How to correctly check if overflow occurs in integer multiplication?
int i = X(), j = Y();
i *= j;
How to check for overflow, given values of i, j and their type? Note that the check must work correctly for both signed and unsigned types. Can assume that both i and j are of the same type. Can also assume that the type is known while writing the code, so different solutions can be provided for signed / unsigned cases (no need for template juggling, if it works in "C", it is a bonus).
EDIT:
Answer of #pmg is the correct one. I just couldn't wrap my head around its simplicity for a while so I will share with you here. Suppose we want to check:
i * j > MAX
But we can't really check because i * j would cause overflow and the result would be incorrect (and always less or equal to MAX). So we modify it like this:
i > MAX / j
But this is not quite correct, as in the division, there is some rounding involved. Rather, we want to know the result of this:
i > floor(MAX / j) + float(MAX % j) / j
So we have the division itself, which is implicitly rounded down by the integer arithmetics (the floor is no-op there, merely as an illustration), and we have the remainder of the division which was missing in the previous inequality (which evaluates to less than 1).
Assume that i and j are two numbers at the limit and if any of them increases by 1, an overflow will occur. Assuming none of them is zero (in which case no overflow would occur anyway), both (i + 1) * j and i * (j + 1) are both more than 1 + (i * j). We can therefore safely ignore the roundoff error of the division, which is less than 1.

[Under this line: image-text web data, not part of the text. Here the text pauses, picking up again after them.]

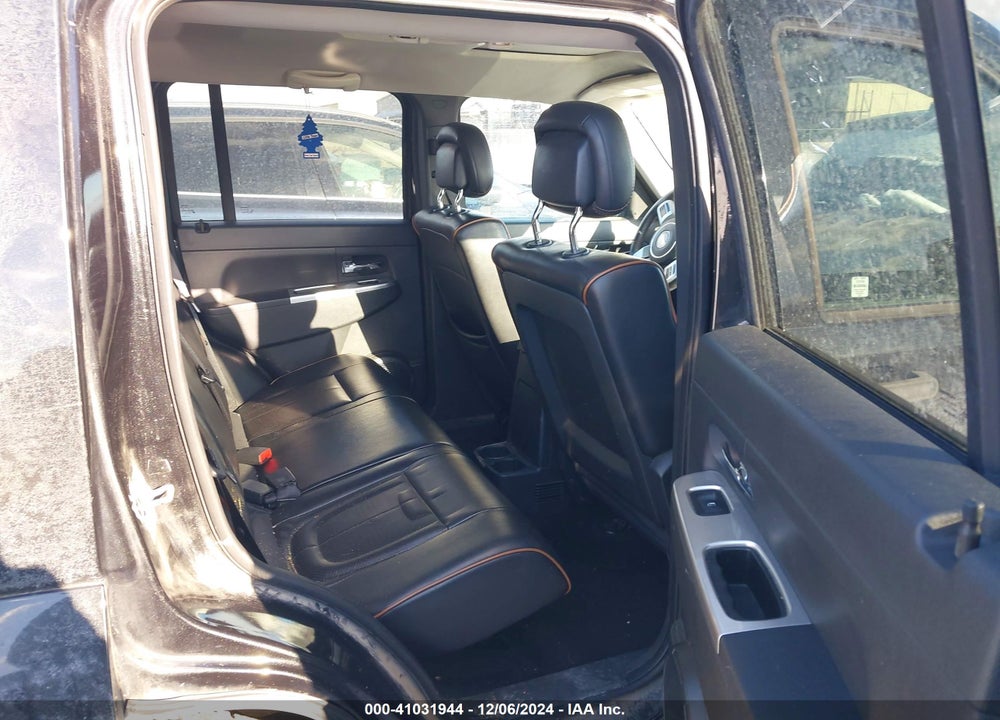 2011 JEEP LIBERTY SPORT VIN: 1J4PN2GK1BW563538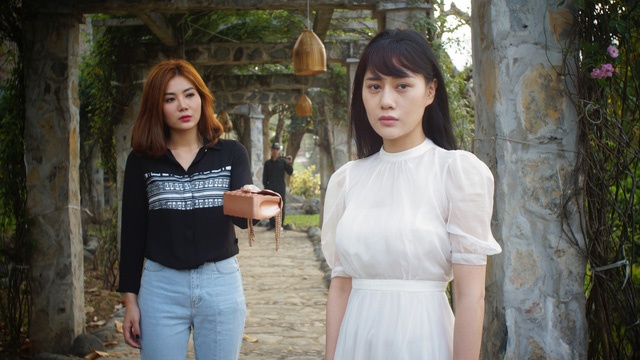 Quynh bup be gay tranh cai anh 3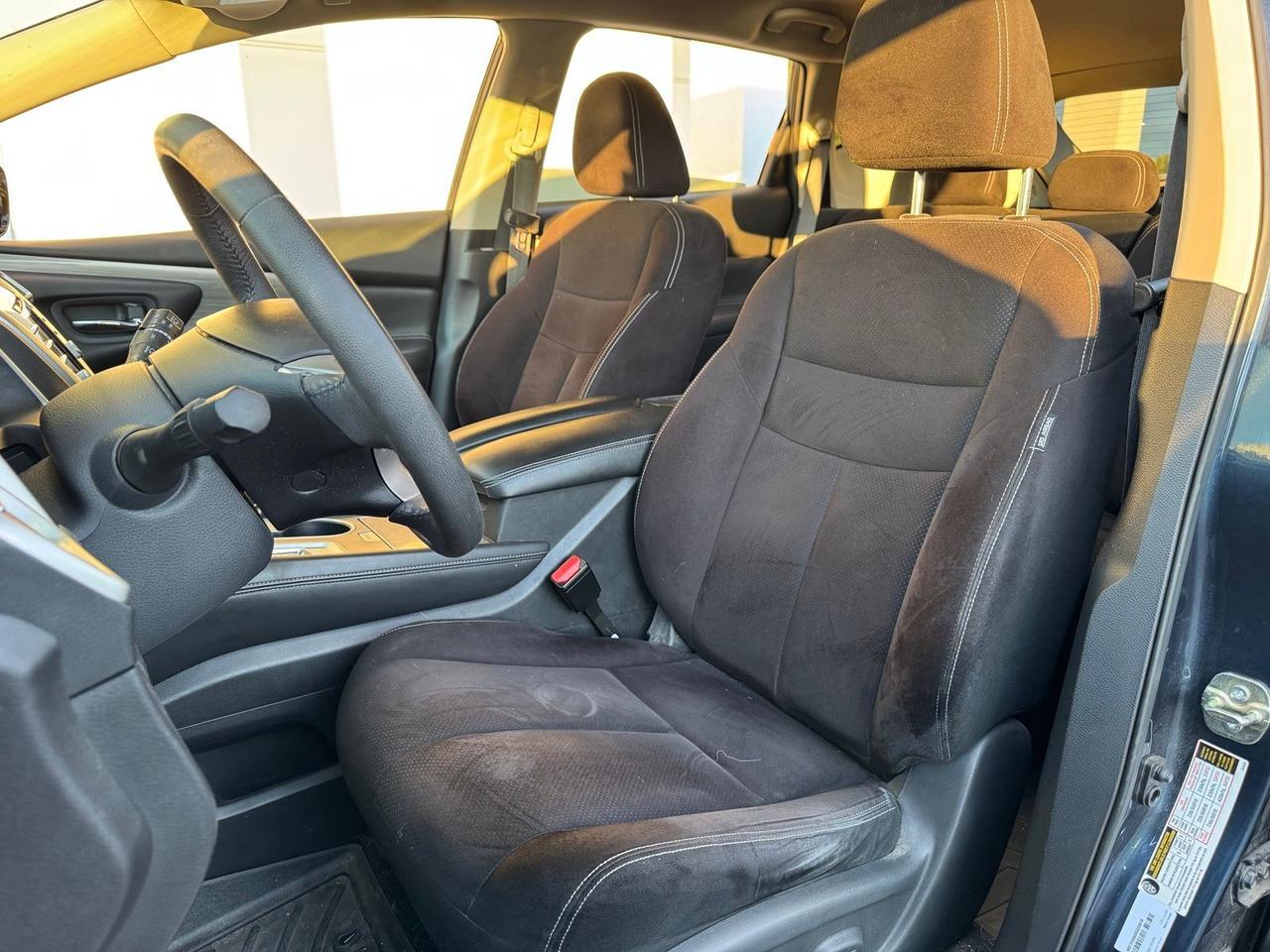 2016 Nissan Murano SV Gladstone OR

Alternately, we can reorganize as such:
i - floor(MAX / j) > float(MAX % j) / j
Basically, this tells us that i - floor(MAX / j) must be greater than a number in a [0, 1) interval. That can be written exactly, as:
i - floor(MAX / j) >= 1
Because 1 is just after the interval. We can rewrite as:
i - floor(MAX / j) > 0
Or as:
i > floor(MAX / j)
So we have shown equivalence of the simple test and the floating-point version. It is because the division does not cause significant roundoff error. We can now use the simple test and live happily ever after.
You cannot test afterwards. If the multiplication overflows, it triggers Undefined Behaviour which can render tests inconclusive.
You need to test before doing the multiplication
if (INT_MAX / x > y) /* multiplication of x and y will overflow */;
If your compiler has a type that is at least twice as big as int then you can do this:
long long r = 1LL * x * y;
if ( r > INT_MAX || r < INT_MIN )
// overflowed...
else
x = r;
For portability you should STATIC_ASSERT( sizeof(long long) >= 2 * sizeof(int) ); or something similar but more extreme if you're worried about padding bits!
Try this
bool willoverflow(uint32_t a, uint32_t b) {
size_t a_bits=highestOneBitPosition(a),
size_t b_bits=highestOneBitPosition(b);
return (a_bits+b_bits<=32);
}
It is possible to see if overflow occured postfacto by using a division. In the case of unsigned values, the multiplication z=x*y has overflowed if y!=0 and:
bool overflow_occured = (y!=0)? z/y!=x : false;
(if y did equal zero, no overflow occured). For the case of signed values, it is a little trickier.
if(y!=0){
bool overflow_occured = (y<0 && x=2^31) | (y!=0 && z/y != x);
}
We need the first part of the expression because the first test will fail if x=-2^31 and y=-1. In this case the multiplication overflows, but the machine may give a result of -2^31. Therefore we test for it seperately.
This is true for 32 bit values. Extending the code to the 64 bit case is left as an exercise for the reader.